The word of the day is “encourage .” In our reading of Colossians 2:1-7, St. Paul encourages the believers in Colossae who face the challenge of false teachers who threaten to undermine their faith. He commends them for their “good order and steadfastness of their faith” (vs.5). Paul rejoices in their persistence despite the persuasiveness of the heretics (vs. 4).
The Apostle discloses his “great conflict” for those in Colossae, neighboring Laodicea, and others in the region that he has not seen face to face (vs. 1). From the Greek word for “conflict,” we get the English word “agony.” Paul is saying that he is in agony for the believers because of the external threat to their faith (Strong’s #73,5).
Ways of Encouragement
Paul lists several things that will encourage the believers in the region. First, their hearts should be “knit together in love” (vs. 2). This metaphor is a fitting translation of the Greek word that means “to force or weld together” (Strong’s #4823, 238). Indeed, Paul affirms that the believers will find comfort (Strong’s #3870, 190) and mutual strength against temptations when their love for one another binds them together.
Second, they should “attain to all the riches of the full assurance of understanding” (vs. 2). The insight into the mystery of God the Father and the Son is an invaluable treasure.
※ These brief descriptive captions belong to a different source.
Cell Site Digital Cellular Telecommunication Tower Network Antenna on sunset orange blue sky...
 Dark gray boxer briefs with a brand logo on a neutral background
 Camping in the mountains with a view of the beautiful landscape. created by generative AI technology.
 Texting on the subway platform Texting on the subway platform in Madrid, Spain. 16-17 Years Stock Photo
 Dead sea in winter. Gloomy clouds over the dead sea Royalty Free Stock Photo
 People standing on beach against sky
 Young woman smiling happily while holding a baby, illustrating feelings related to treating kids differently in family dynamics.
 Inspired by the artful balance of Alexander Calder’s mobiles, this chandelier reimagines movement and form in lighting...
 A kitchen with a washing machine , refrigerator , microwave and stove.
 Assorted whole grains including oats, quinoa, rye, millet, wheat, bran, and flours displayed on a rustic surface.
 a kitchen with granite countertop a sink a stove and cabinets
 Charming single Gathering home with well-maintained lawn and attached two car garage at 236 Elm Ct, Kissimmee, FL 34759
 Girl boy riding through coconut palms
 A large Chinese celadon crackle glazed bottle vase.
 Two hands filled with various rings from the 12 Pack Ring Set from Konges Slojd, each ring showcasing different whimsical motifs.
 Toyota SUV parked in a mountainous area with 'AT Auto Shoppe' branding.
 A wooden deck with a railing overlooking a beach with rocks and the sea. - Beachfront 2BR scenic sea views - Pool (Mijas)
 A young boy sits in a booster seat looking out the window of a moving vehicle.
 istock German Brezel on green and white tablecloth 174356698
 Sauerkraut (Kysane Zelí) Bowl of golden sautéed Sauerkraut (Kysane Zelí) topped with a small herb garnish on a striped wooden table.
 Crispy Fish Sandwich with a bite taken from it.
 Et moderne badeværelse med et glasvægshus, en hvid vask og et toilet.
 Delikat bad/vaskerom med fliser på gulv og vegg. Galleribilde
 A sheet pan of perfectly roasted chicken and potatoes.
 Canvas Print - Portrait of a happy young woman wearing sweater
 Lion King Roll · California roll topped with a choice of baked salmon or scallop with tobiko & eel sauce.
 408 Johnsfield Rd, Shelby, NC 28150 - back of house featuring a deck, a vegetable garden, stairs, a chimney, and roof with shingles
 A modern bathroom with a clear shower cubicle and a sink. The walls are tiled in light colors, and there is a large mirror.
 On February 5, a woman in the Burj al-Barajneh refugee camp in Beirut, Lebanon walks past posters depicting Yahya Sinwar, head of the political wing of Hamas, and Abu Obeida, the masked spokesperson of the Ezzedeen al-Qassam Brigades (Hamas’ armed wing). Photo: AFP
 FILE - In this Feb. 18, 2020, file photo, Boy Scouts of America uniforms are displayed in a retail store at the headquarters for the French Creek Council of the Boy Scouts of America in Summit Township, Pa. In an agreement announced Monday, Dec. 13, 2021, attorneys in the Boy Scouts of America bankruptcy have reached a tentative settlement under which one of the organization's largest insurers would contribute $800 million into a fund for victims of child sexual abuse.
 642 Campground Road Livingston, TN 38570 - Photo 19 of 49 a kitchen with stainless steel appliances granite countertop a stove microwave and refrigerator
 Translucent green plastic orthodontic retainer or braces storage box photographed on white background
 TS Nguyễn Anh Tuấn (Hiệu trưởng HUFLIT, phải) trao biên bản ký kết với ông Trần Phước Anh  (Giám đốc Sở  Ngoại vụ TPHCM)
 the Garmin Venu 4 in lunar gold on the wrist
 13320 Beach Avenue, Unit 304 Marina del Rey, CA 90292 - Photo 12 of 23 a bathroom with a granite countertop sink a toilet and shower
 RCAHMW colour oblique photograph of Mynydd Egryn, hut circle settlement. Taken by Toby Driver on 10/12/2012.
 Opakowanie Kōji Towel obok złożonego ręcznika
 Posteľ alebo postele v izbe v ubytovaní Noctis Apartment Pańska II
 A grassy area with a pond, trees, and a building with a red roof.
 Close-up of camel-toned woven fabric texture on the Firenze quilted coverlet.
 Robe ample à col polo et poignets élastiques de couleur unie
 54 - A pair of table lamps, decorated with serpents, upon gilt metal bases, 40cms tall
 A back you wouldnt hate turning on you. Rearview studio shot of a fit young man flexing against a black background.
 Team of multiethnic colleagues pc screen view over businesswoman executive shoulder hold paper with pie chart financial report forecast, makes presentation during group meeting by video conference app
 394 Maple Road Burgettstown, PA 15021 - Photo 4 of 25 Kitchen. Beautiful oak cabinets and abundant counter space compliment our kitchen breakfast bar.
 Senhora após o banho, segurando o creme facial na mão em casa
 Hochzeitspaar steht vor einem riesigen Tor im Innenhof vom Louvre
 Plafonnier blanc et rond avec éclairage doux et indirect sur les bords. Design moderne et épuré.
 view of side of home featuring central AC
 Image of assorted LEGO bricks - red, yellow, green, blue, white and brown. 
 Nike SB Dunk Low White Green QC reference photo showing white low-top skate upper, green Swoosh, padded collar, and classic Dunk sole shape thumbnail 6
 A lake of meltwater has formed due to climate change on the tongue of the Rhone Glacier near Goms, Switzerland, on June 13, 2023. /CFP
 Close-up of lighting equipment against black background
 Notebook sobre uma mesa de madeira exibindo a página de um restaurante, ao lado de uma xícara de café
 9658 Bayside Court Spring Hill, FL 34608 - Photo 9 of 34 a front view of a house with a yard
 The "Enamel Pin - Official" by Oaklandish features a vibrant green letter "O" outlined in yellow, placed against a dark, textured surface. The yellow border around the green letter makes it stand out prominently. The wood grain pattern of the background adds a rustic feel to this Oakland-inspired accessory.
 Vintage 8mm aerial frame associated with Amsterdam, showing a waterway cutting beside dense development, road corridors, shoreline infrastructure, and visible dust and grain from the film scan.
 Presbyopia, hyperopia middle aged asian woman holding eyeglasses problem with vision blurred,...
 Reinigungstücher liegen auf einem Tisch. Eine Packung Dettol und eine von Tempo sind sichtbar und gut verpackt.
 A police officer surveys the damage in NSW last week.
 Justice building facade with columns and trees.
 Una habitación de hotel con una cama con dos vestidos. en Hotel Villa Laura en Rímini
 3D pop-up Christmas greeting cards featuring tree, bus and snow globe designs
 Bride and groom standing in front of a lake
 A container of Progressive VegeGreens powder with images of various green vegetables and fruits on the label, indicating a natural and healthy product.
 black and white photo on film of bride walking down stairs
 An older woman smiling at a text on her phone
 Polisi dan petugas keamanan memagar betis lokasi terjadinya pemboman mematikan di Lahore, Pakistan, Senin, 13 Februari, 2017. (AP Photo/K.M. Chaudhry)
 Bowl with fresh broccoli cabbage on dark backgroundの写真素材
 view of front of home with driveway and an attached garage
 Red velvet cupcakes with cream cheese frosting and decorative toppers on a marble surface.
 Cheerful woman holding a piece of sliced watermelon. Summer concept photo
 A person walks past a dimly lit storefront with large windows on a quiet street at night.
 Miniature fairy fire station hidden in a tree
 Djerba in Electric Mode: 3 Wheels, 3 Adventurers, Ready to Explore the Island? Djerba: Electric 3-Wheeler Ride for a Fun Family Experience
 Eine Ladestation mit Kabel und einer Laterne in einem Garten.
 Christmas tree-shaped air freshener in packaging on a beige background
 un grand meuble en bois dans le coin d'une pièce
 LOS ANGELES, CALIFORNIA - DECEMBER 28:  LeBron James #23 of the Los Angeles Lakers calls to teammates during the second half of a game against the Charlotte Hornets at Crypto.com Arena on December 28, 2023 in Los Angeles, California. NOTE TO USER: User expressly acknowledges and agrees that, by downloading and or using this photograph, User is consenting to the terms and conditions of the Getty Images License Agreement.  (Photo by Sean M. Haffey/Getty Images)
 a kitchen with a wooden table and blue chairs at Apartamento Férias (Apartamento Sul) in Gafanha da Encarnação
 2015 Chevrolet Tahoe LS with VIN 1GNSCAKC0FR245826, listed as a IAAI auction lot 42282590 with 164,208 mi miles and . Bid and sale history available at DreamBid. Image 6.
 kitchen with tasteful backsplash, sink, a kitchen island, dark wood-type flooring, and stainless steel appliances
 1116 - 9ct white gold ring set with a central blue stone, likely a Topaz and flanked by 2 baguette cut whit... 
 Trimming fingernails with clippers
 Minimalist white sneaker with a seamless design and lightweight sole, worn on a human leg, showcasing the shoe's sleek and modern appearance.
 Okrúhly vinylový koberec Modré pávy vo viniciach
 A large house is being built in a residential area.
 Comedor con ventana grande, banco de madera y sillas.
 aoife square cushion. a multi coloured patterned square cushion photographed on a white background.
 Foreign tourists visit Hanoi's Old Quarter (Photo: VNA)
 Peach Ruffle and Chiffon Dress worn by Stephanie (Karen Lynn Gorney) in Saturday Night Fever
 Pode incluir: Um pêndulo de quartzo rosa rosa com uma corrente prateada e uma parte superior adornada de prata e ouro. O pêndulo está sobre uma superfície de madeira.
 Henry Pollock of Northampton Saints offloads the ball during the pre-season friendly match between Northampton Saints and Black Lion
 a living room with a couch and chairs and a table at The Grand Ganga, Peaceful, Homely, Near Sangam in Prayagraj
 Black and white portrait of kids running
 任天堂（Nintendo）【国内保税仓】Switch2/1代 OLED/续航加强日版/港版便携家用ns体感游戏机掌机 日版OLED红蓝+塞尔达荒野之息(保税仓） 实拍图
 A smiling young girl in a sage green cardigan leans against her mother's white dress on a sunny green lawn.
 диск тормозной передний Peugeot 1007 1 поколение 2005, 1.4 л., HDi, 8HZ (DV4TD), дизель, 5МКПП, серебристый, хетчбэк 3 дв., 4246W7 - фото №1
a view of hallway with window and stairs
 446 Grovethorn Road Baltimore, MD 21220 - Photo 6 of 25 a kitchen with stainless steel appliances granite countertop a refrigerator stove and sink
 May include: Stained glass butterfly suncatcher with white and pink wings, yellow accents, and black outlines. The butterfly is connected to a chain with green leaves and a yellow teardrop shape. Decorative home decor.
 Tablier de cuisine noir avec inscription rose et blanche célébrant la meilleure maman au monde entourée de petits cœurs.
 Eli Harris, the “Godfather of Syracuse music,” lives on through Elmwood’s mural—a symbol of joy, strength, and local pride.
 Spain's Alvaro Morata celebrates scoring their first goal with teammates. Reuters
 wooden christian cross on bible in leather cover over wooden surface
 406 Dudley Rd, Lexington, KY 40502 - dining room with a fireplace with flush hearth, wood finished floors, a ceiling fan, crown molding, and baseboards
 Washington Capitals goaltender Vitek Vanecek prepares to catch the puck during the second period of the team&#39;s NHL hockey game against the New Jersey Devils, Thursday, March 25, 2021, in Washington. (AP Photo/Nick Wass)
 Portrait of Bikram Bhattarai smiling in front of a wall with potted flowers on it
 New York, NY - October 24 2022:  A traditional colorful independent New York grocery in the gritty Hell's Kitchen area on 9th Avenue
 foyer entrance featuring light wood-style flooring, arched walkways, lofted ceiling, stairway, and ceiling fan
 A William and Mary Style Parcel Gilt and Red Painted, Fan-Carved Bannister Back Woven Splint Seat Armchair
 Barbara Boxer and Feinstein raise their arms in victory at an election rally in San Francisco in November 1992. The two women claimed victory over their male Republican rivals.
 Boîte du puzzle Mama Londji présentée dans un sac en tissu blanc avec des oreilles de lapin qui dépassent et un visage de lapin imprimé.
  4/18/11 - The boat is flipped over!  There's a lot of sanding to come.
And the Colossians should hang onto it with complete confidence (Strong’s #4136, 204).
Third, a literal translation is that “the knowledge of the mystery of God [is] Christ” Therefore, the Colossians must not look for wisdom and knowledge to “elemental spirits ” (vs. 2:9), angels (2:18), “principles of the world” (vs. 20), or “things that have the appearance of wisdom” (vs. 23). But they should find this understanding hidden in Christ (2:3).
Paul admits that he has great anxiety for the churches in the religion of Colossae. He is worried that false teachers will lead the believers away from their faith in Christ But note that Paul does not pray that the deceivers will suddenly disappear. Nor does the Apostle pray that the believers will find arguments to refute their tempters. Paul only prays for the faithful to be encouraged amid this temptation. You see, the trials of their souls allowed them to grow in their faith: to love one another more closely, to believe more confidently, and to understand more deeply.
Fighting Against Temptation Is Good for the Soul
Once, the monk John the Short told the desert father Poeman that he had asked the Lord to take away his passions. John said that the Lord answered his prayer, and he was at peace: the warfare between flesh and spirit in his heart was over. Poeman replied, “Go and ask the Lord to stir up in you a new battle against the passions. Fighting against temptation is good for the soul.” When the passions attacked John again, he did not pray for the end of the fight against them. He only prayed, “Lord, grant me the strength to endure it.”